La perte de poids améliore aussi le fonctionnement hormonal. Chez les femmes, elle régularise les cycles et favorise l’ovulation. «Une perte de poids, même modérée, améliore la fonction ovulatoire. Plusieurs études indiquent que les traitements injectables comme l’Ozempic, en facilitant l’amaigrissement, peuvent indirectement augmenter les chances de conception», précise la biologiste.

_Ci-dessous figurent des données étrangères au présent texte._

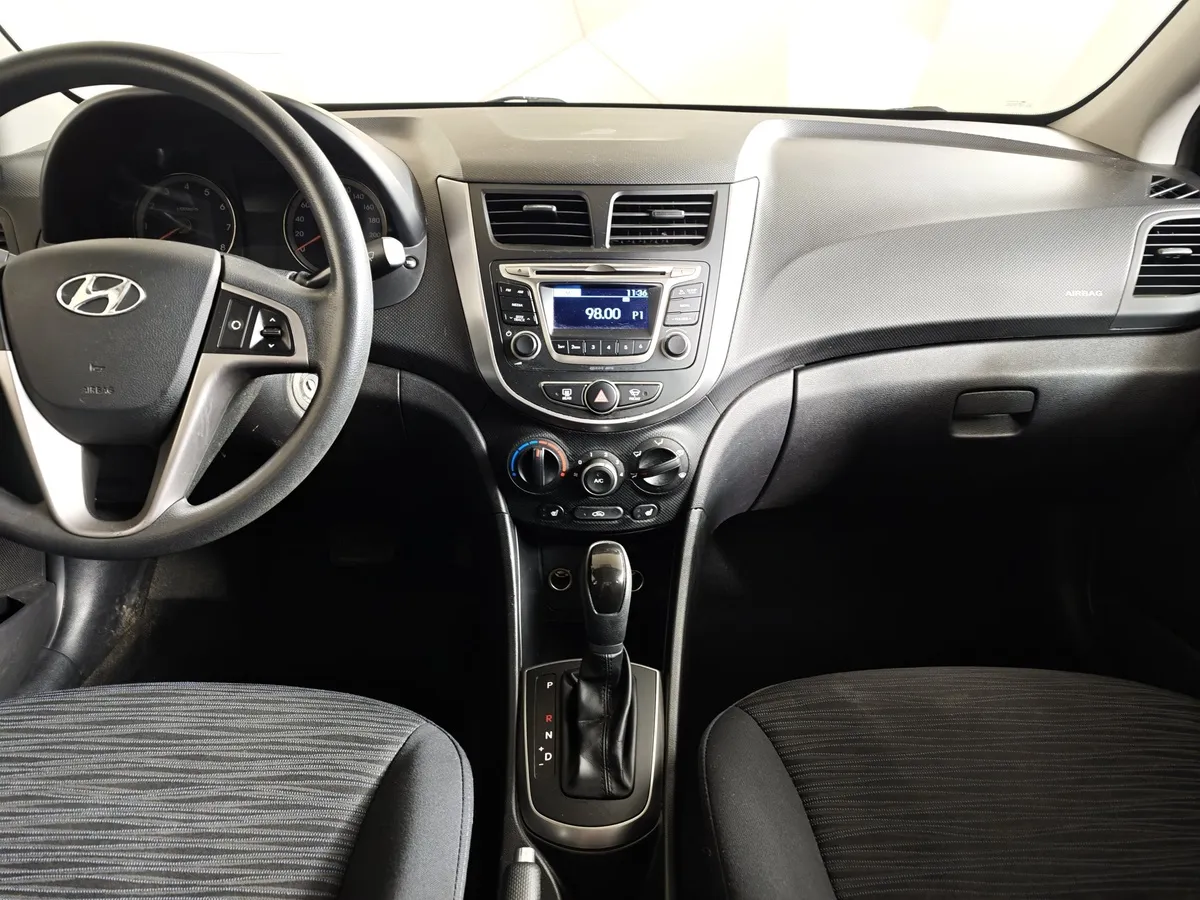 Hyundai Solaris 1.6 AT (123 л.с.) Comfort Красный в АВИЛОН. Слайд №14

Ces médicaments amincissants agissent en mimant une hormone intestinale, le GLP-1, qui diminue l’appétit et ralentit la digestion. Pour Nathalie Sermondade, ce ralentissement de la vidange gastrique pourrait avoir un effet secondaire: «Il peut réduire l’absorption de la pilule contraceptive. En parallèle, les effets indésirables fréquents comme les vomissements ou les diarrhées peuvent perturber l’assimilation des hormones contraceptives.»
Pas un remède miracle
Les fabricants des médicaments anti-obésité appellent à la prudence. Novo Nordisk, le laboratoire qui commercialise Ozempic et Wegovy, rappelle que «la grossesse ou l’intention de grossesse étaient des critères d’exclusion dans les essais cliniques.» Il n’existe donc pas de données suffisantes pour évaluer la sécurité de ces médicaments chez la femme enceinte. L’entreprise a lancé des études à ce sujet, mais recommande pour l’heure de ne pas utiliser le traitement pendant la grossesse.

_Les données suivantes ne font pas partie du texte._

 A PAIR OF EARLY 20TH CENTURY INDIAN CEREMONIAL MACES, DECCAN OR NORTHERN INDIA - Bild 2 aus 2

La notice précise que le traitement doit être interrompu au moins deux mois avant toute tentative de conception. En cas de grossesse, il faut l’arrêter immédiatement. Il est aussi conseillé d’utiliser une contraception efficace pendant toute la durée du traitement. L’usage du préservatif, en complément de la pilule, est largement recommandé par les fabricants, comme par le MHRA.
Pour Pino Navarro, endocrinologue à l’institut français Bernabeu spécialisé dans la reproduction assistée, ce regain de fertilité ne doit pas être perçu comme un effet bonus: «La perte de poids améliore certes la santé reproductive, mais ces traitements n’ont jamais été conçus à cette fin. Ils ne remplacent ni un suivi médical en cas d’infertilité, ni un projet de grossesse encadré. L’absence de données sur l’impact potentiel du médicament sur le développement fœtal impose de rester extrêmement vigilant. Il n’existe à ce jour aucune étude publiée sur les effets de ces médicaments chez l’enfant à naître.»
Interrogée sur les directives britanniques et les cas de «bébés Ozempic», l’Agence fédérale des médicaments (AFMPS) indique suivre de près les évaluations en cours au niveau européen, et s’engage à prendre des mesures une fois «toutes les clés en main et si nécessaire.»